This is a significant variation in the anomalistic cycle over the course of a year. We don't use this variation as a constraint but we can use it as a fitting parameter and then compare the variation obtained over that shown above.

Using the 205.9 day value ~365/(2-2/8.85), we break this into Fourier components of half this value and twice this value. The mean Anomalistic period of 27.5545 days is then frequency modulated by the slower periods by the standard engineering procedure. We then allow the amplitude and phase of each factor to vary during the training to obtain the best fit (this is slightly different than the concise form used previously).

If we zoom in on the anomalistic period variation, we get this match to the NASA Goddard model:

There is no reason to believe that this match would spontaneously occur given that there are 3 amplitudes and 3 phase factors involved. Yet it matches precisely to the (1) peak positions, (2) relative amplitudes, and to the (3) cusped shape via the Fourier series summation. An even better fit is obtained if we use abs(sin(π time/205.9+Φ)) as the fitting function as it naturally creates more of a cusp shape due to the full-wave rectification of the sine wave.

Conventional tidal analysis is renowned for being an exacting procedure [1], where the known tidal periods are broken down into equivalently similar sets of harmonic factors, yet applied on a diurnal or semidurnal basis. The only difference here is that ENSO responds to the monthly and fortnightly long-period tides and not the short-period ones.

→ This model fit gives further validation to the lunar tidal mechanism for forcing ENSO.  The exacting process of generating the correct lunar tidal variations (along with the subtle biennial modulation and the tricky aliasing) have likely contributed to the fact that the pattern has remained hidden for so long.  This is actually not so different a situation as the long hidden connection between triggering of earthquakes and the dynamic  moon-sun-earth alignment. That pattern is also hidden, only exposed recently. Alas, not everything can be quite as obvious as the pattern matching of ocean surface tides to the lunisolar cycles.
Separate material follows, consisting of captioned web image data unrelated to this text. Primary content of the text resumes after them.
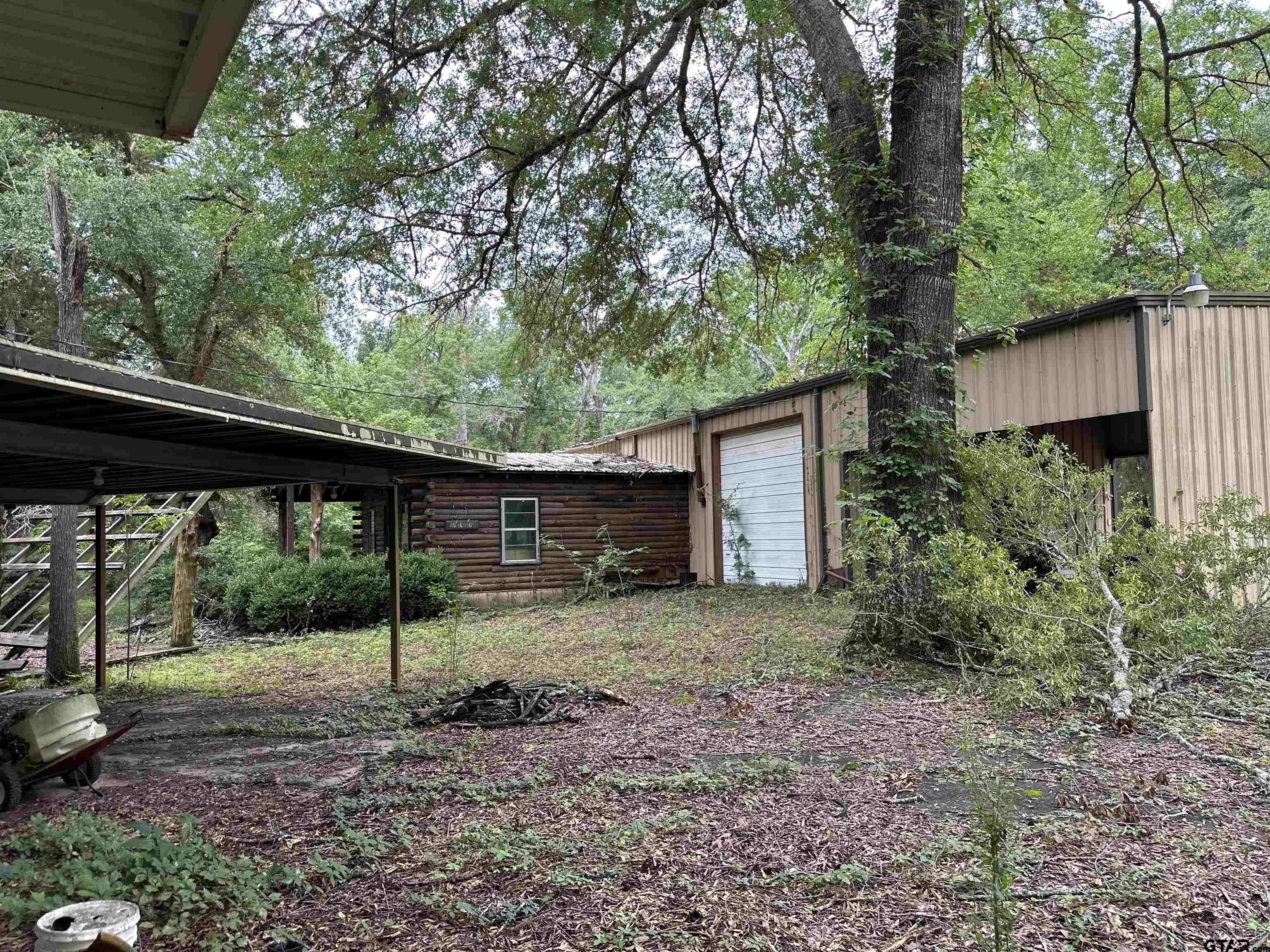 16611 Old Noonday Road Tyler, TX 75703 - Photo 41 of 46 a view of a backyard with large trees and plants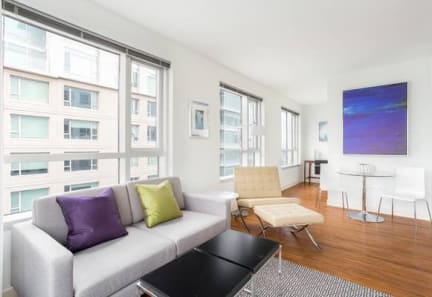 a living room filled with furniture and a large window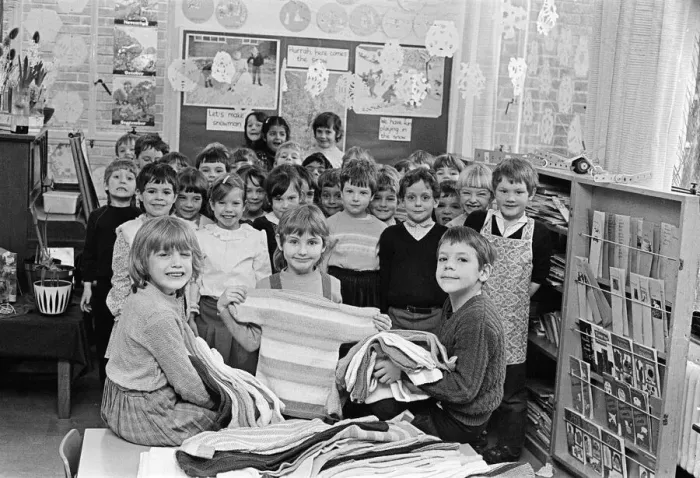 Framed Print : Children at Lindley CofE Infants school examine some of the handiwork of teachers Framed Print : Children at Lindley CofE Infants school examine some of the handiwork of teachers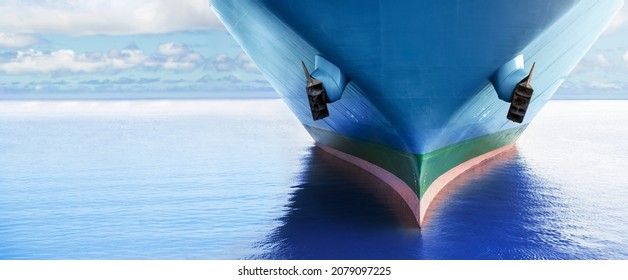 Front view of large blue merchant cargo ship in the middle of the ocean. Performing cargo export and import operations with horizon line and beautiful sky.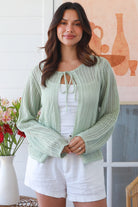 Woman wearing sage cotton crochet cardigan – textured boho statement layer by Bohemian Love Runway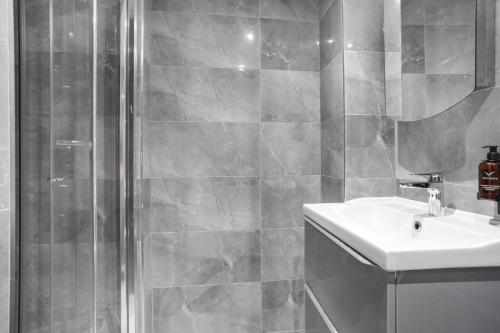 a bathroom with a shower and a sink and a mirror at BeiRoom Hyde Park Apartments in London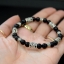 สร้อยข้อมือหินนิล แต่งด้วยหมุดเงินแท้ลายกราฟฟิก สลับรอบเส้น Onyx & Sterling Silver 925 NSSV2027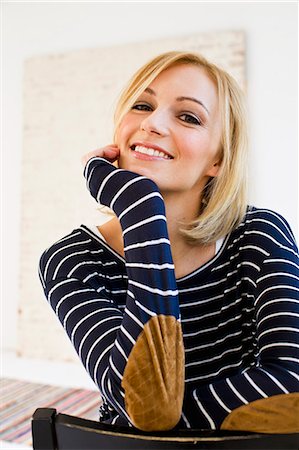 single woman studio white - Studio portrait of young woman in stripes Stock Photo - Premium Royalty-Free, Code: 649-07520630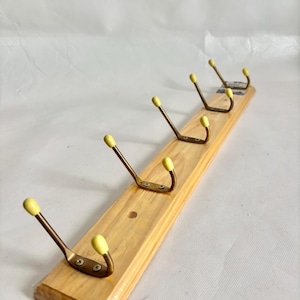 May include: A wooden coat rack featuring five brass hooks with yellow tips, mounted on a light-coloured wooden board. The rack is designed for hanging coats, hats, or other items. The board measures approximately 60 cm in length.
[1] S. Consoli, D. R. Recupero, and V. Zavarella, “A survey on tidal analysis and forecasting methods for Tsunami detection,” arXiv preprint arXiv:1403.0135, 2014.


The reason for the peculiar shape of the Anomalistic frequency variations is due to a different slope (i.e. velocity) on one lobe of the elliptical orbit than on the other. You can get this by generating another sinusoidal modulation on top of the average elliptical sinusoid. This generates an asymmetric sawtooth in the phase angle (see blue line below) and the characteristic spiked or cusped profile in the effective frequency or derivative of this value (see red line below).
I am starting to use this formulation in the ENSO model as it is quite concise.

The Hawkmoth Effect

Contrasting to the well-known Butterfly Effect, there is another scientific modeling limitation known as the Hawkmoth Effect.  Instead of simulation results being sensitive to initial conditions, which is the Butterfly Effect, the Hawkmoth Effect is sensitive to model structure.  It's a more subtle argument for explaining why climate behavioral modeling is difficult to get right, and named after the hawkmoth because hawkmoths are "better camouflaged and less photogenic than butterflies".
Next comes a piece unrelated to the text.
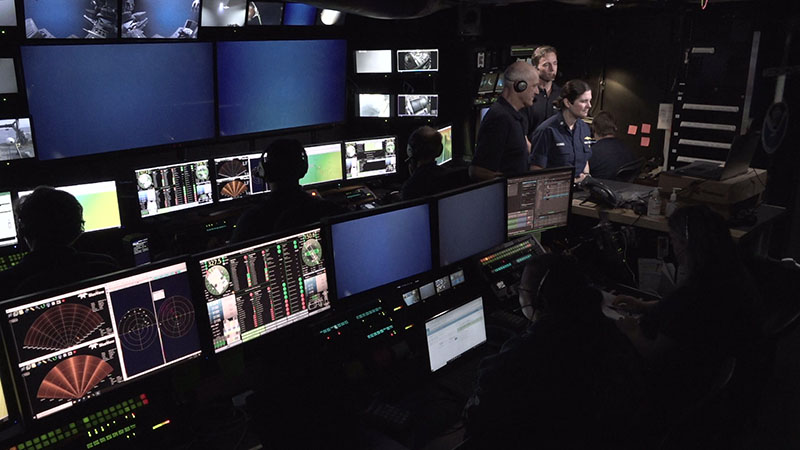 Commander Nicole Manning, Commanding Officer of NOAA Ship Okeanos Explorer; Derek Sowers, expedition mapping lead, NOAA Ocean Exploration; and Allen Collins, biology science lead, NOAA Fisheries National Systematics Laboratory Director participate in a virtual event from the control room of Okeanos Explorer during Windows to the Deep 2021. The event, which took place on November 5, was hosted by the White House Office of Science and Technology Policy, the Smithsonian National Museum of Natural History, and NOAA in order to highlight the importance and value of the ocean. Part of the event included this live conversation with explorers on the ship.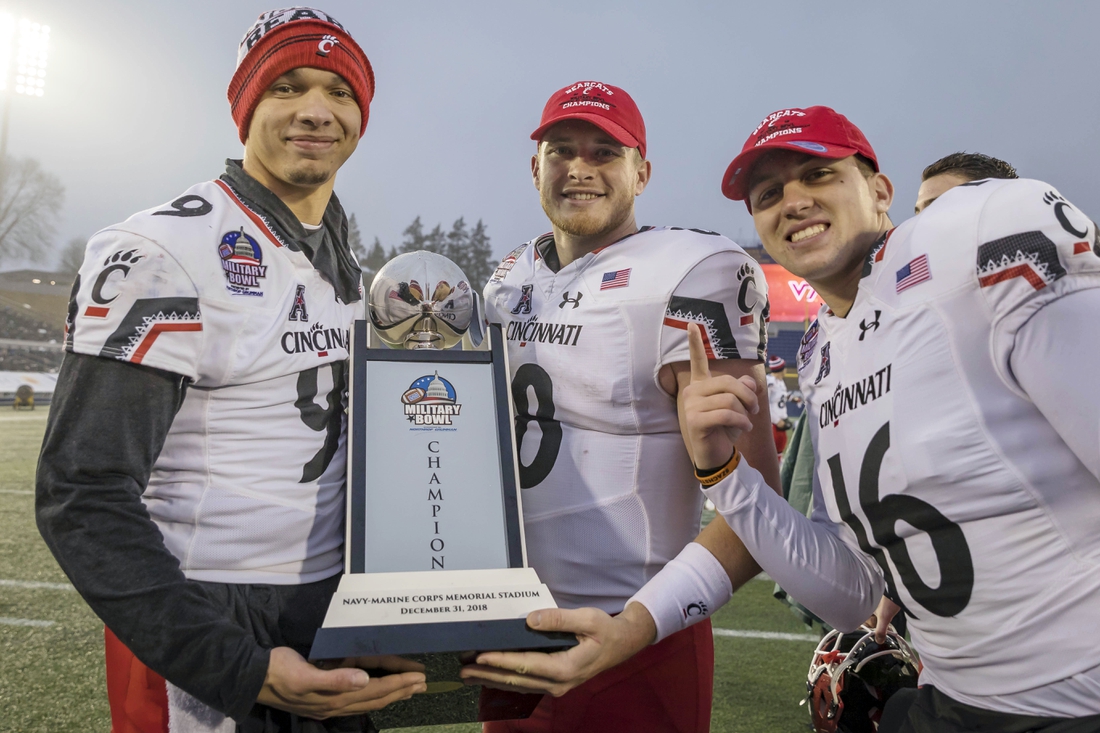Dec 31, 2018; Annapolis, MD, USA; Cincinnati Bearcats quarterback Desmond Ridder (9) and quarterback Hayden Moore (8) and quarterback John Keller (16) pose with the Military Bowl Championship trophy after the game against the Virginia Tech Hokies at Navy-Marine Corps Memorial Stadium. Mandatory Credit: Scott Taetsch-USA TODAY Sports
Not everyone agrees that this is a real effect, or it just reveals shortcomings in correctly being able to model the behavior under study. So, if you have the wrong model or wrong parameters for the model, of course it may diverge from the data rather sharply.

In the context of the ENSO model, we already provided parameters for two orthogonal intervals of the data.  Since there is some noise in the ENSO data — perfectly illustrated by the fact that SOI and NINO34 only have a correlation coefficient of 0.79 — it is difficult to determine how much of the parameter differences are due to over-fitting of that noise.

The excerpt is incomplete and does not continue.